I wanted to geographically visualize Twitter activity by zip code. I had a set of Tweets captured from GNIP Powertrack. Each tweet has the author’s public profile, as well as the tweet text and several other fields.

First, I got the zip code data: about 42,500 zip codes each with lat/lon coordinates and population estimate from US 2010 Census. Next, I loaded it into a Hive table. I used Hive because the tweet data was big enough to live in Hadoop, though you could do the geo zip code manipulation I’m describing in any database.

Next, from the Twitter data I found the closest zip code to each author by computing the distance from the author’s lat/lon to the lat/lon of every zip code. Of course, this only works for people who put their location in their Twitter public profile, but that was surprisingly many people. I only needed the closest, which simplified the computation since units didn’t matter.

Next, I computed metrics (like tweet counts) per zip code. Raw numbers would not be useful – of course most of the tweets come from the zips with the most people. I divided by zip code population to get per-capita values.

At this point I should have been done, in which case it would be so simple and quick there would be no reason to write about it here. However, that’s not what happened. These values were all over the map: spanning 5 orders of magnitude (0 – 10^5). Per capita?! This didn’t make sense. I expected values of zero or close to zero, but reasonable maximums would be a fraction of 1 – nowhere near the tens of thousands.

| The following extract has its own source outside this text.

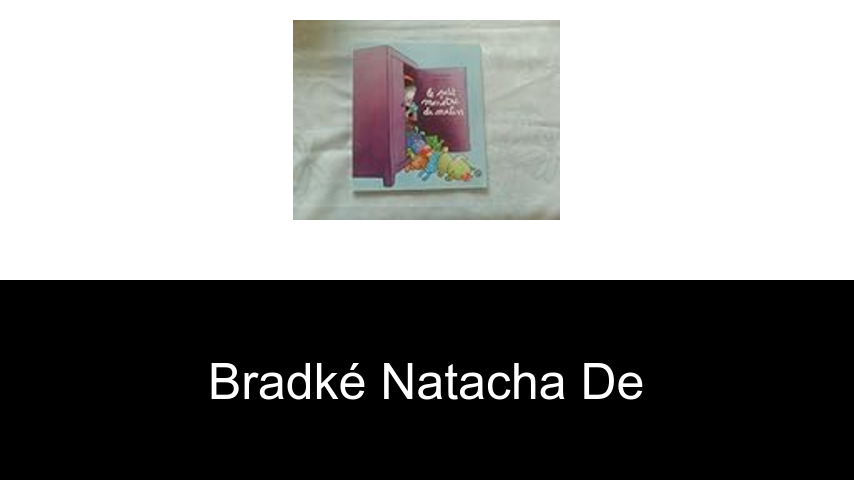 livres de Bradké Natacha de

Investigation revealed the outliers were tiny zip codes like 30334 covering about 1 square block having tiny populations like 1. Whenever a prolific tweeter (or tweet-bot) resides in one of these it blows out the data. Clearly, these are zip codes too new to have accurate 2010 Census data.

The problem is actually more general: any small zip code can blow out the data – even if its population data is accurate. I needed a way to factor out these tiny zip codes. One way to do this is to merge each small zip code into its nearest big zip code. Split zip codes into 2 groups: small and big, using a threshold population. I made a histogram of zip codes by population to see what would be a good split value. I chose 25-75 since 25% is about 10,000 zip codes, which is enough for smooth dense coverage. The histogram showed a population of about 8,000 would give this 25-75 split.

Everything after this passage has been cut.